* _Excerpted data_
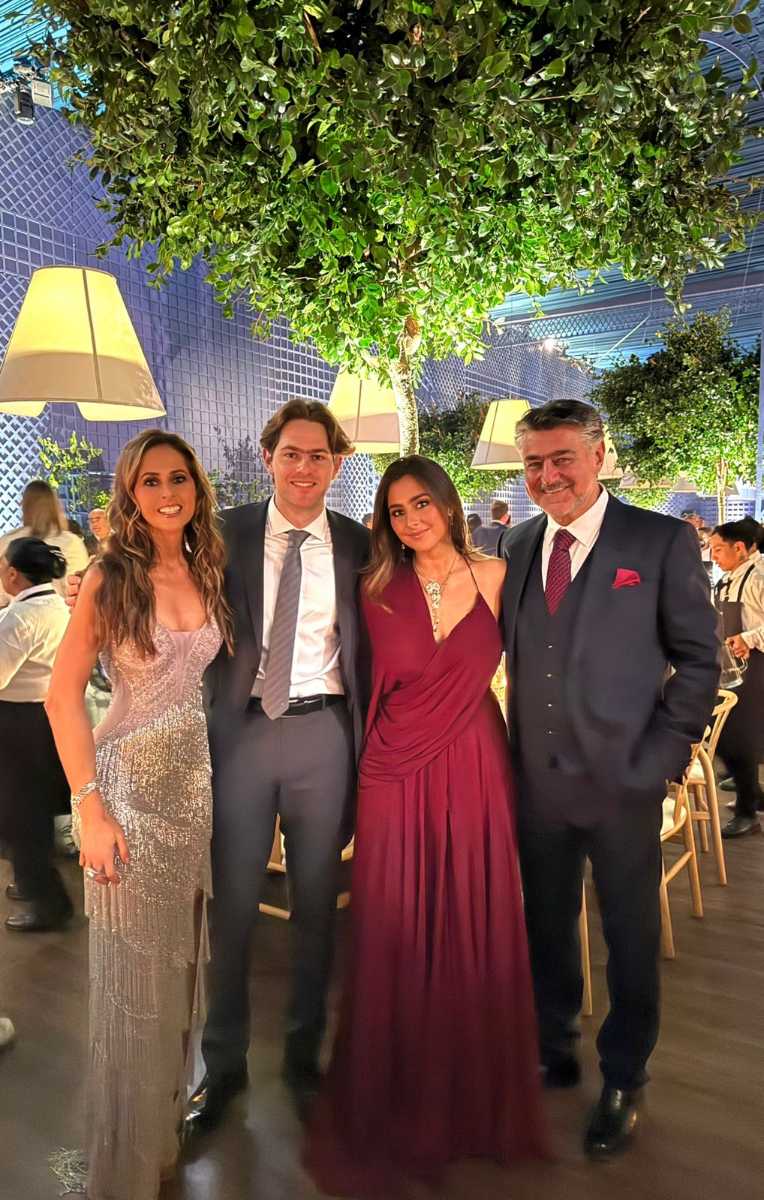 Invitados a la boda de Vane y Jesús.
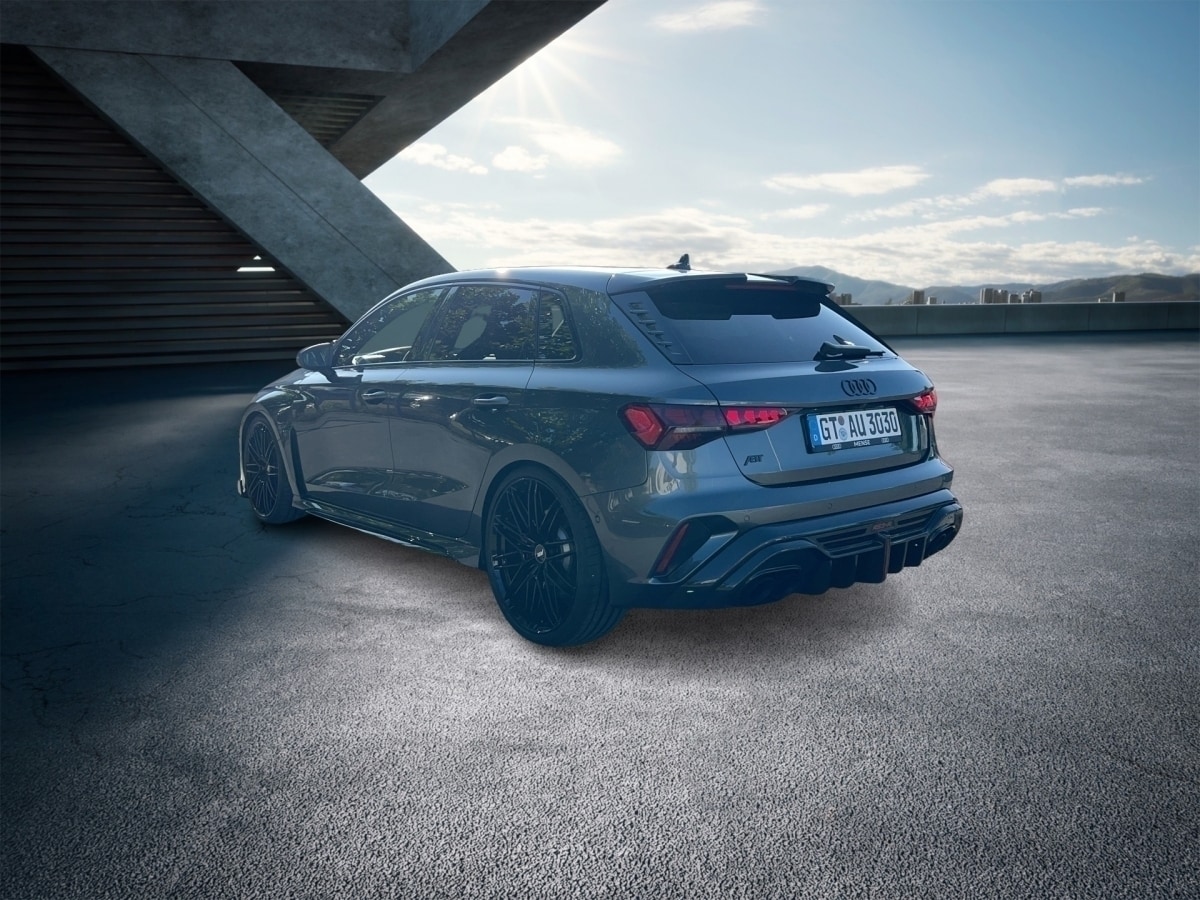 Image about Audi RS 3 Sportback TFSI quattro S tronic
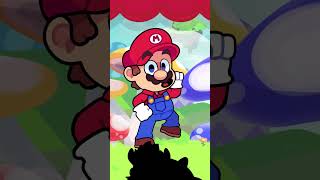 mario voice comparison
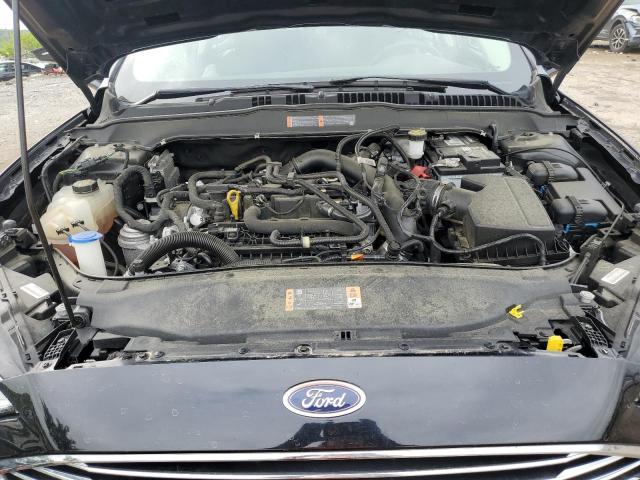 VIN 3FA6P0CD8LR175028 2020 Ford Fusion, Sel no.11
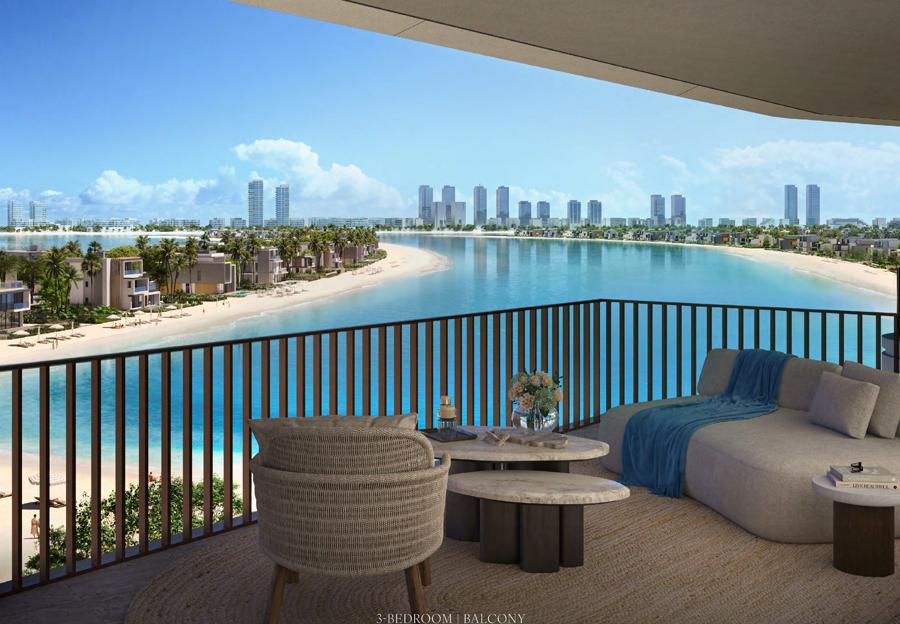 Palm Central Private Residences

==

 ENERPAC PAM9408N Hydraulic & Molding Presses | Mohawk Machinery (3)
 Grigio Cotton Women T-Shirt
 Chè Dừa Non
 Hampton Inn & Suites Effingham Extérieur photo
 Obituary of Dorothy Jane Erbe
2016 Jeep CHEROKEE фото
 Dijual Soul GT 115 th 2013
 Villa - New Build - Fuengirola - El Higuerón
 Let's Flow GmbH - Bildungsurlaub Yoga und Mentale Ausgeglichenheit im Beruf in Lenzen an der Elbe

* _About this task_
From the records above, copy only the lines running from the line containing "Image about Audi" to the line containing "Palm Central Private Residences", both ends included. Leave the pictures out.

* _Result of the exercise_
 Image about Audi RS 3 Sportback TFSI quattro S tronic
 mario voice comparison
 VIN 3FA6P0CD8LR175028 2020 Ford Fusion, Sel no.11
 Palm Central Private Residences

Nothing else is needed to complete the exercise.